Oktoberfest originated in Munich, Bavaria, Germany as a festival which is celebrated for over sixteen to eighteen days at a stretch. The Oktoberfest usually starts during the later half of September and finally ends after celebrating the first Sunday in October as the final day of the festival. However, this is what the tradition is or rather was before the year 1994. After the West and the East was united into one Germany, the decision was that the Oktoberfest would go on till the 3rd of October (the reunification of Germany is celebrated on this day) even if the first Sunday came before the 3rd, that is on the 1st or the 2nd. In the year 2010, the Oktoberfest observed a change in schedule in honor of its 200th anniversary. Instead of ending it on the first Sunday, they decided to end the Oktoberfest on the first Monday in October last year.
The number of visitors that visit the Oktoberfest in Munich, Bavaria each year easily crosses the 5 million mark and that indeed is something you would expect from the world’s largest fair. Drinking beer and enjoying traditional German food items like the Knödel, Schweinshaxe or the Steckerfisch are very much a part of the celebration. Even outside Germany, the areas of the world which have a significant amount of German population, celebrate Oktoberfest and try to promote its popularity as best as they can.

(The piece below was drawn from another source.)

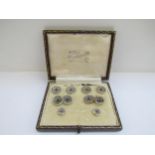 A set of unmarked platinum fronted dress studs and cufflinks the centre set with a cabochon sapphire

The Oktoberfest began back in the year 1810 and since then, it has gone through some changes because it is not exactly celebrated in the same way that it used to be over 200 years ago. The festival used to host an agricultural show, a horse race and a lot of special food, but beer entered much later into the scenario and quickly became a very popular addition to the Oktoberfest. The horse race is not held anymore; in fact it was stopped back in 1960. The agricultural show however, is still held, but at a gap of four years. Parades became a part of the Oktoberfest during the marriage of Crown Prince Ludwig and Therese Saxe-Hildburghausen in 1835. Under the leadership of the Münchner Kindl, eight thousand costumed Bavarians now walk through Munich and into the Oktoberfest celebrations.